I’ve always wanted a V8 engine, but rather than spending over $7000 for one, I figured I’d 3D print one. The project was exciting, time consuming, but in the end, totally worth it. These next few blogs will be a part-by-part account of the entire project from start to finish. At the end of each part, I’ll include a “Tips n’ Tricks” section where I cover some important bits of information pertaining to the topics discussed in the segment.

Let’s get started.

The 3D Models

I think of myself as “pretty proficient” at 3D modelling and designing. However, I knew that modelling an engine assembly from scratch was going to take an unreasonable amount of time. I searched online and found what could arguably be the best 3D model of an LS3 engine I’ve seen to date. Eric Harrell (AKA “ericthepoolboy“) has working models of a Chevy LS3, a Subaru EJ20, a Ford flat head V8, and a Toyota 22RE 4-cylinder engine. You can find all of his designs on Thingiverse.

3D Printed LS3 Engine, courtesy of Eric Harrell.

3D Printed LS3 Engine, courtesy of Eric Harrell.

Eric’s design files include the block, cylinders, headers, valve covers, crankshaft and camshaft assemblies, as well as rocker arms and valves. The parts are extremely detailed have been designed for easy fastening, with pre-cut holes and bores for M3-sized screws. The entire engine – once assembled – moves freely, with integrated bearing sockets for the crankshaft and camshaft. A DC motor is attached to a mounting point that connects the motor to the flywheel, meaning the entire thing will run on its own once powered.

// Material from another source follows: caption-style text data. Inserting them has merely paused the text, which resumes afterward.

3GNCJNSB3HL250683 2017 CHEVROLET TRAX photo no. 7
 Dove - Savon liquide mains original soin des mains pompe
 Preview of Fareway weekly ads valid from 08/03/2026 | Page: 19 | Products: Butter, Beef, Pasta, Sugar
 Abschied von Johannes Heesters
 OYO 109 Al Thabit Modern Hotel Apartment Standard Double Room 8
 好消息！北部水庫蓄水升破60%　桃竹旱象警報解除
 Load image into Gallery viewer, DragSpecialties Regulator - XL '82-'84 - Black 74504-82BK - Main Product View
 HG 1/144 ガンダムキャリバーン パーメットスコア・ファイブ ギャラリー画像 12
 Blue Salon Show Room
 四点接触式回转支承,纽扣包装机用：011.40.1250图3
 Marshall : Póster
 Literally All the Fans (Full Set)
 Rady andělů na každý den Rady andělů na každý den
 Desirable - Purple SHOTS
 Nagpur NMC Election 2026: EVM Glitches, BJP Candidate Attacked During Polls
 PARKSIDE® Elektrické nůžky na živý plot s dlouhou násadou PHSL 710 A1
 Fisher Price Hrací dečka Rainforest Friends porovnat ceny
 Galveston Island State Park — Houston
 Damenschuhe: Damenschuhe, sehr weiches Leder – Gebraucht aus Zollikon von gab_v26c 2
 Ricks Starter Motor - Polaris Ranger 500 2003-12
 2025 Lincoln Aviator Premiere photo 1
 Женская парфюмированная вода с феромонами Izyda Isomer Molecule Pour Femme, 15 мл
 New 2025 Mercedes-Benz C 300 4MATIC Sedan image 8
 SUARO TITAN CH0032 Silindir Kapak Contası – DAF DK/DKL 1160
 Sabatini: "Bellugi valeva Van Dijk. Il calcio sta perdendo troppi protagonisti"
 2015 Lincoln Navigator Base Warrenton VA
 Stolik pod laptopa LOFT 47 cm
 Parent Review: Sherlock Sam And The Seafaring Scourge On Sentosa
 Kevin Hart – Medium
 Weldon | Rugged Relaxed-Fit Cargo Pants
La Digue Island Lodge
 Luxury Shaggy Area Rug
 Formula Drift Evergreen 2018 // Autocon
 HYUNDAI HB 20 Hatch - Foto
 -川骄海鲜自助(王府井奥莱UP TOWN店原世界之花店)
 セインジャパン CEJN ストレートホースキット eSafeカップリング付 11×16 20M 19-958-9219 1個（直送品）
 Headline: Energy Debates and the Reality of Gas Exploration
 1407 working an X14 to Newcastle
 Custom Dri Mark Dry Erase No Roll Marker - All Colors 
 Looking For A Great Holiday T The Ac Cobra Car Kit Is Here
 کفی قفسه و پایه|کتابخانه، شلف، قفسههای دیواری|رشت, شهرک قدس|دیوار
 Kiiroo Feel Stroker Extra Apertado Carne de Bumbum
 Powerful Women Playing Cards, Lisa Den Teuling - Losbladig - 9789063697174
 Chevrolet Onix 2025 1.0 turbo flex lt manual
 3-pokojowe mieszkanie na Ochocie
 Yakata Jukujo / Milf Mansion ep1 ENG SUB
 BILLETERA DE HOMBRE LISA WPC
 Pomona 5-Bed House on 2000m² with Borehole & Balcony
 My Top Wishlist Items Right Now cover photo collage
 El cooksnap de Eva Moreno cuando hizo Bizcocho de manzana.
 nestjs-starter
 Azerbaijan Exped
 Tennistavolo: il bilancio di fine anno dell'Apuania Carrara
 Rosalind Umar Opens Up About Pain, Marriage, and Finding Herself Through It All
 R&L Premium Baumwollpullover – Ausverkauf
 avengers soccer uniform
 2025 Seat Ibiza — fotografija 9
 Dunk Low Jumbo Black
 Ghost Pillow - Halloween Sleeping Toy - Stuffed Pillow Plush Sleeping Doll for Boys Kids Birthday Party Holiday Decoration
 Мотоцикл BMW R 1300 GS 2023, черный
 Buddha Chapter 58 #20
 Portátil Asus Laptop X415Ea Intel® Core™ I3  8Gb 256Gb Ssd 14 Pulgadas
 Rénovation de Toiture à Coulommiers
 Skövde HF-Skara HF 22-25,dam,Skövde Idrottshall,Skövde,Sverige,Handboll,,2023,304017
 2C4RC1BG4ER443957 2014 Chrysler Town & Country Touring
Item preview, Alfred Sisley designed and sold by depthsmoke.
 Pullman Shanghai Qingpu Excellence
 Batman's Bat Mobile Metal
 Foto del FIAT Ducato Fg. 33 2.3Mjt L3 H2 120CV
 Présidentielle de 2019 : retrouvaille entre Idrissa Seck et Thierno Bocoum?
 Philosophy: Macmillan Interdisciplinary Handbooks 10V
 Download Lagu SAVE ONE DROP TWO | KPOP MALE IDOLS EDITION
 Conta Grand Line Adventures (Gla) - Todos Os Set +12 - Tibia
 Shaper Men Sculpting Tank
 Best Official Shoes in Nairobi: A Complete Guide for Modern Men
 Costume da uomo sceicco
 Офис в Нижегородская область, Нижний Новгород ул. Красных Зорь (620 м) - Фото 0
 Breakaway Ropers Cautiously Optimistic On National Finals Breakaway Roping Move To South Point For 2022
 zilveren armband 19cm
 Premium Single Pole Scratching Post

Looking at his final design a little closer, I noticed he was powering the DC motor directly from the wall, so the pistons were “firing” at the same speed. I wanted to demonstrate something a little more dynamic, so I planned out a design for a gas pedal (which I will discuss in a later post). The pedal would act as a potentiometer that would regulate the speed of the pistons.

Once the 3D models were all downloaded, it was time to get printing.

The Print Jobs

Printing all of these parts was a lot of fun. I had three printers at my disposal, the Fortus 450mc, the 250mc, and the Stratasys F170, part of the Stratasys F123 Series. These three printers, though different in both age and capability, extruded the parts in incredible detail with no hiccups or setbacks. I didn’t have a pre-determined plan on which printer would print which parts, so I organised a print schedule based on what colour options I had access to. I had more colour choices for the 250mc (such as orange, yellow, and grey), so I used it a lot more than I did the F170 and 450mc. I tried to stick with a double-density sparse infill for most of the parts, as it was good balance between material efficiency and part strength. This wasn’t the case for all parts, as they varied in size and complexity (I explain a little more about this in the Tips n’ Tricks section at the end).

The pistons, piston rods, and camshaft were the first things that were printed.

Pistons, piston rods, and camshaft assembly all printed on one build sheet.

Pistons, piston rods, and camshaft assembly all printed on one build sheet.

Using the “Optimize” feature on the Arrangement tool, the parts were positioned in a way that made it easier for the printer to extrude the material. This optimisation was implemented with every printed cluster of parts.

The full printed piston assembly.

Next was the engine block. This was the longest print out of all of the parts. The block was done on the 250MC and took almost 4 days to finish (not including time for washing and drying). I wanted to print the block in orange (harking back to classic orange Chevy V8 engines), and the only orange material I had was for the 250.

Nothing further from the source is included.